What are your views on the return of turbo-charged engines? Will it have a major impact on the drivers, teams and their approach to the races?

It is certainly a step forward — it’ll be greener, technologically more advanced and more relevant considering the trends in the auto industry. Companies aren’t interested in making fuel-guzzling V8s anymore, and F1 ought to send out the same message — that manufacturers are embracing more eco-friendly, smaller engines that would still be almost as powerful as the current ones. Same goes for KERS as its development will directly trickle down to technology used in hybrid road cars. But all these changes come at a huge cost. I’m not sure if it is the right time to be making these rule changes when the world economies have been the least healthy for over a decade.

Coming to India, you and Karun Chandhok definitely had the talent to compete in the F1 circuit. Do you sincerely believe India can produce some more drivers?

I hope we do, but honestly, I don’t know when. It can be at least five years down the line. We have come a long way in terms of infrastructure since the time I started out in India almost two decades ago.

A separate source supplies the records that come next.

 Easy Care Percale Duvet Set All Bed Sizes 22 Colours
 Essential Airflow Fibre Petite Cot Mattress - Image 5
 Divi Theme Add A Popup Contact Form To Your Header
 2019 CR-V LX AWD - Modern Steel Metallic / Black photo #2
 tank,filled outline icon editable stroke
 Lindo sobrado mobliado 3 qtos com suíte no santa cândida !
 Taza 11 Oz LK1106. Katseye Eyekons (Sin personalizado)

We have championships like the MRF Challenge, which is on a par with anything available in Europe and there is a strong karting programme as well. Then of course, we have our own F1 Grand Prix as well, and a world-class venue in the Buddh International Circuit, so hopefully things will come together sooner.

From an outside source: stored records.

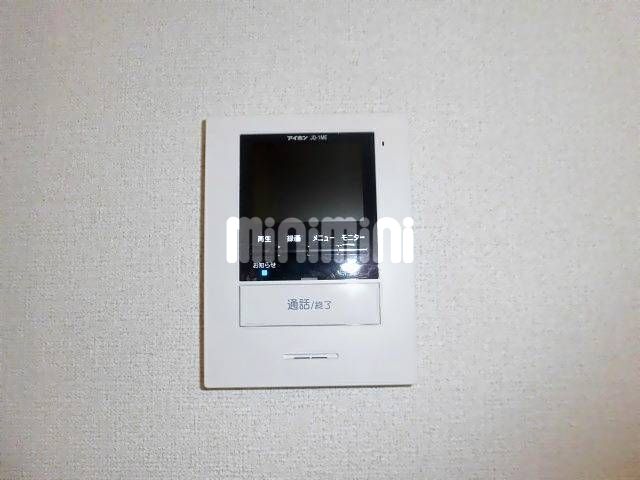 セキュリティ　カメラ付きで安心のモニターホン。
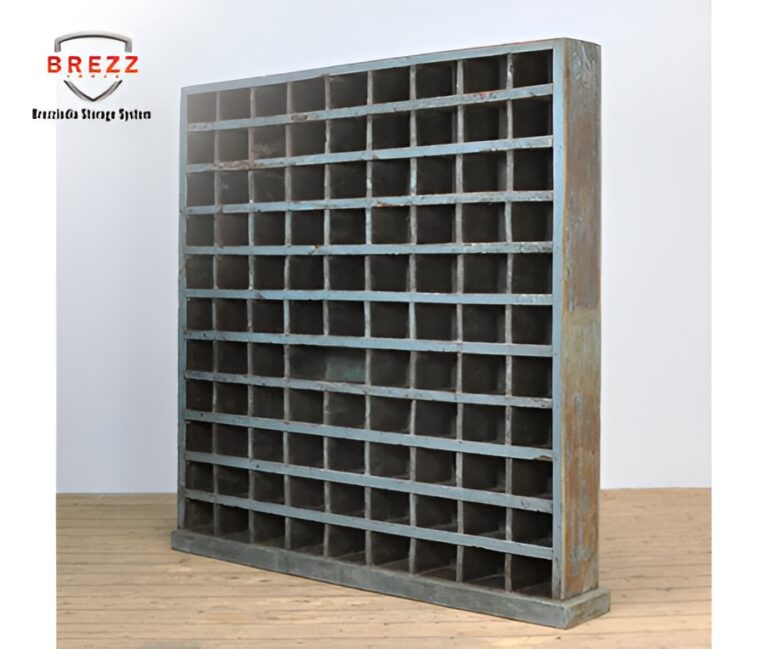 Organized Pigeon Hole Rack with multiple compartments for efficient warehouse storage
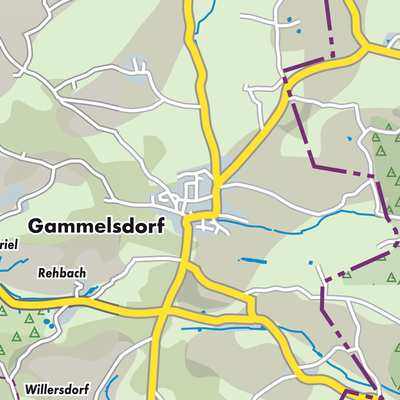 Übersichtsplan Gammelsdorf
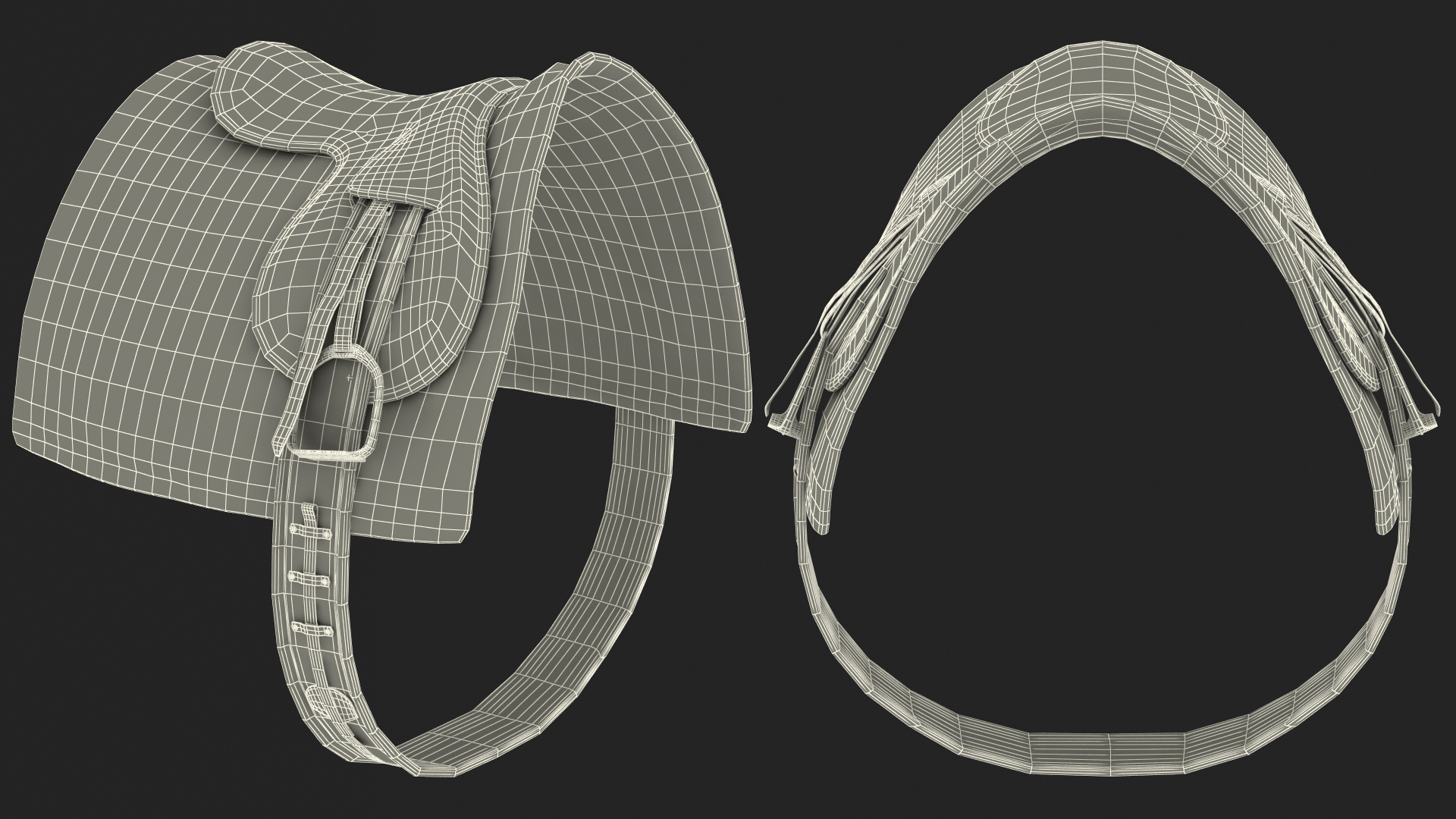 3D Racehorse Saddle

How difficult is it for an Indian to get into F1? What are the pitfalls one has to be wary of?

Getting into F1 is difficult for anyone and we are no exception. You need to have talent of course, but achieving it is impossible if the right support and backing isn’t there. I have had the support of the Tata Group without which it would have been impossible to reach the levels that I have done in the capital-intensive world of motorsport. Like any top-level sport, you have to be able to look out for yourself, have unshakable self-belief and do the best with whatever resources are available at your disposal.

Generally, how has your experience been on the F1 circuit?

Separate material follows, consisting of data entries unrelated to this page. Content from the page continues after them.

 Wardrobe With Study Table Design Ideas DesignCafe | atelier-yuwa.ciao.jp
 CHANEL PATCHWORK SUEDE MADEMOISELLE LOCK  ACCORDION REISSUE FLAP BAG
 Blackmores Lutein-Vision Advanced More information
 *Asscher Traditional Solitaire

I have been lucky enough to enjoy enormous support during my time in F1, during my first stint as India’s first ever F1 driver and upon my return in 2010 as well. The first Indian Grand Prix was a momentous occasion and I consider myself lucky to have been able to compete at the top echelon of the sport on my home ground and in turn enjoy the support that one can only hope for at a home Grand Prix. There have been highs and lows — I learnt a lot both on and off the track — as a driver and as an individual and got a first-hand experience of how the F1 machinery continues to work with clockwork precision, race after race, season after season. It has just been incredible. I have competed in 48 Grands Prix!

You had ventured into truck racing a couple of years ago? How different was the experience in terms of the thrill and adrenaline rush?

The NASCAR trucks may look like trucks but, in fact, they are thoroughbred racecars, very unlike any trucks you may see on the road. It was fantastic and at times scary, especially on the ovals with cars touching close to 300 kmph — something which we don’t get often in F1. I had some good finishes, and also some incidents but I learnt a lot and of course American fans are passionate about the sport and competing in front of them was a fantastic experience.


Question: If you weren’t a F1 driver, what would you have been?

Answer: A fighter pilot. What’s the most you like about F1?

Cutting edge tech, most sophisticated racecars in the world.

What do you not like about F1? Disparity between machinery. The driver you admire the most? Ayrton Senna. Your greatest inspiration? Ayrton Senna, again. If you aren’t racing, how do you spend time?

Working out, hiking outdoors in Coonoor, and recently cycling.

How do you prepare for a race? Warm-up exercises, massage, right nutrition. Your favourite circuit? Brands Hatch, UK. Your favourite holiday destination? Coonoor. Your favourite food? Dosa and shushi. Your favourite music/song? I listen to a wide variety of music.